How to complete this task
No pictures should appear in the copy. Reproduce exactly the lines from the one containing "A happy family" through the end of the material below.

Data excerpt

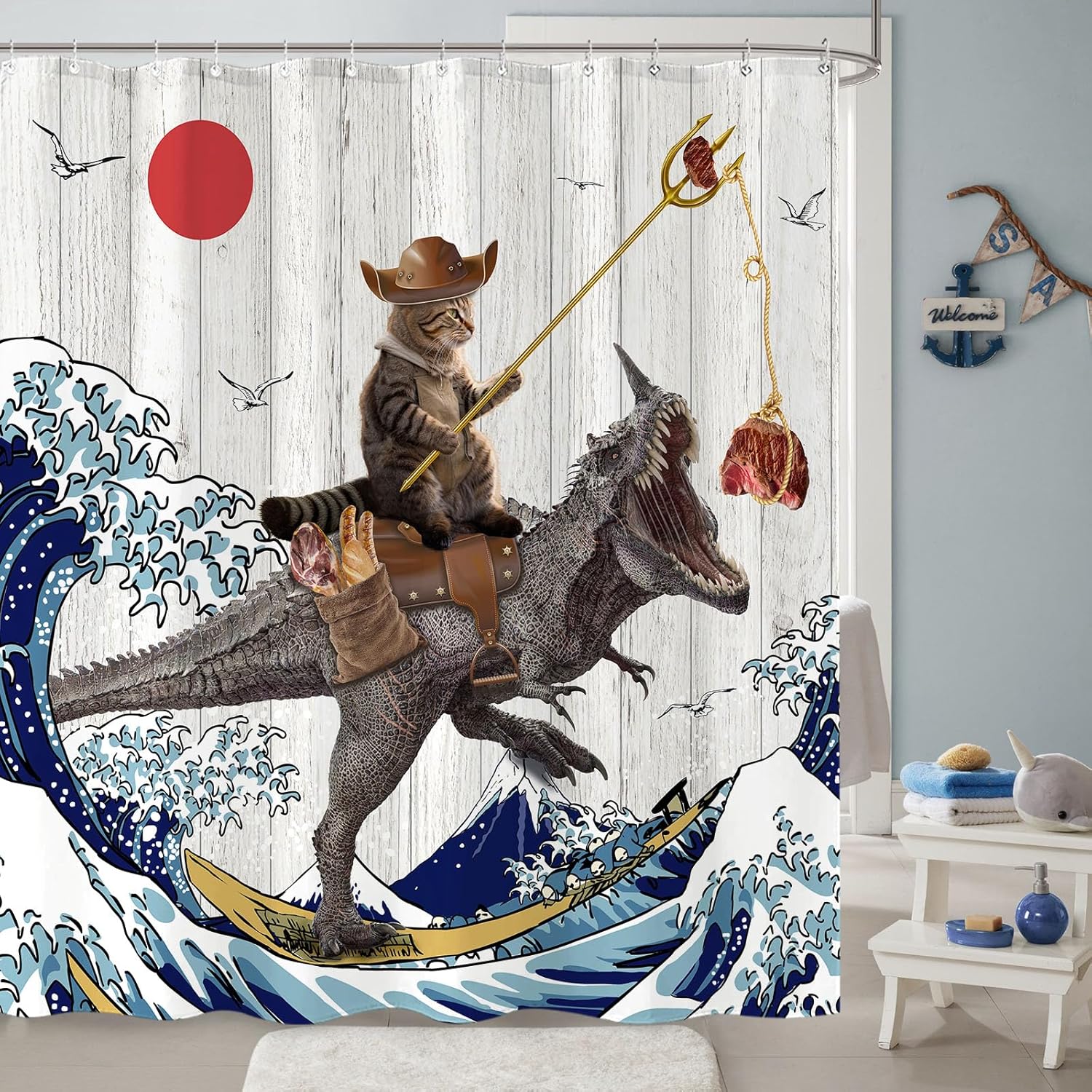 Fowocu Divertida cortina de ducha de dinosaurio con diseño de gato japonés con ondas oceánicas, cortinas de ducha de tela impermeable para baño de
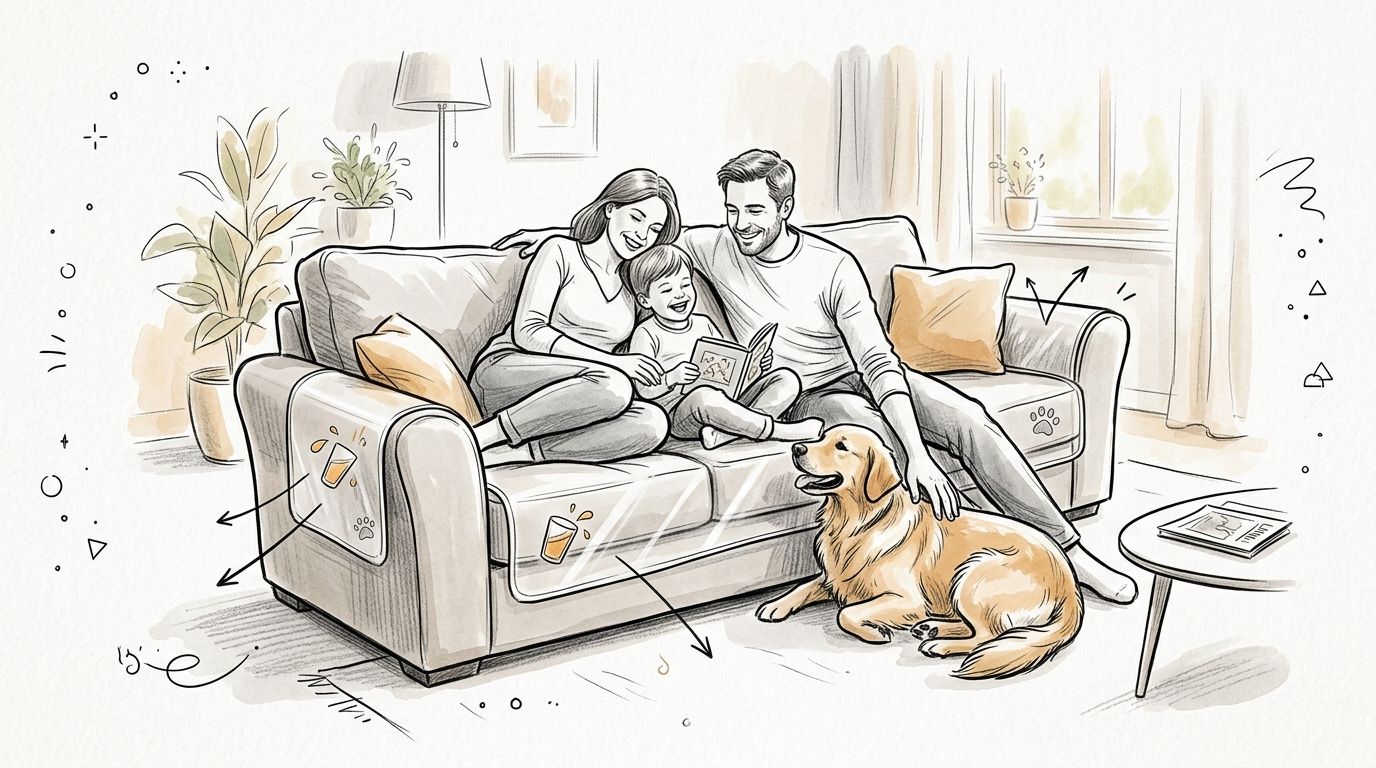 A happy family sitting on a stain-resistant sofa with their golden retriever in a cozy living room.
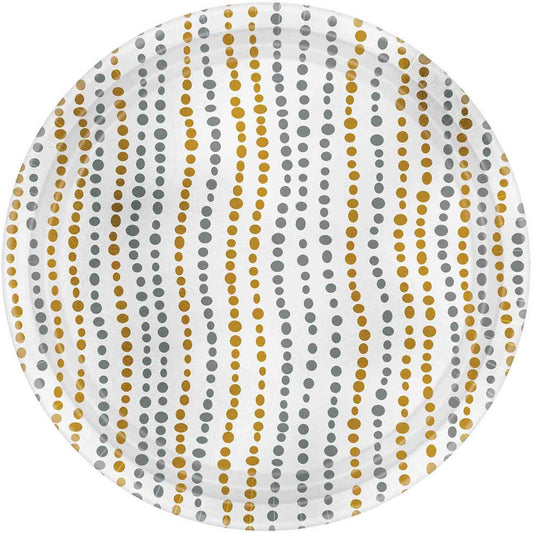 Modern Dot 10"/26cm Paper & Metallic Gold & Silver Round Plates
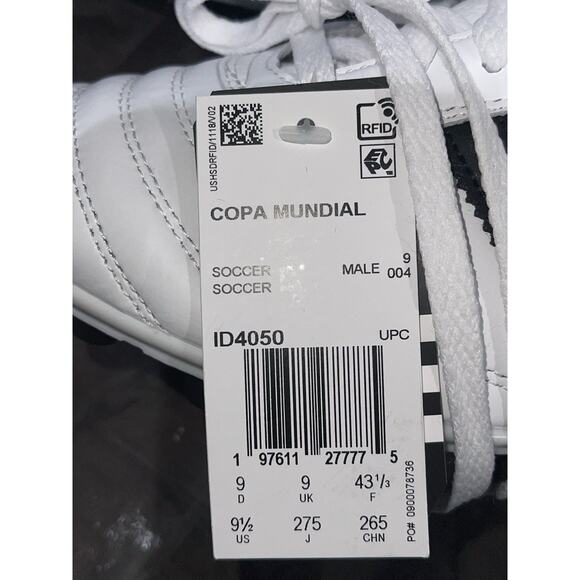New Men’s Sz 9.5 Adidas Copa Mundial FG Soccer Cleats Germany White Black ID4050 - Picture 7 of 8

Response for this exercise
 A happy family sitting on a stain-resistant sofa with their golden retriever in a cozy living room.
 Modern Dot 10"/26cm Paper & Metallic Gold & Silver Round Plates
New Men’s Sz 9.5 Adidas Copa Mundial FG Soccer Cleats Germany White Black ID4050 - Picture 7 of 8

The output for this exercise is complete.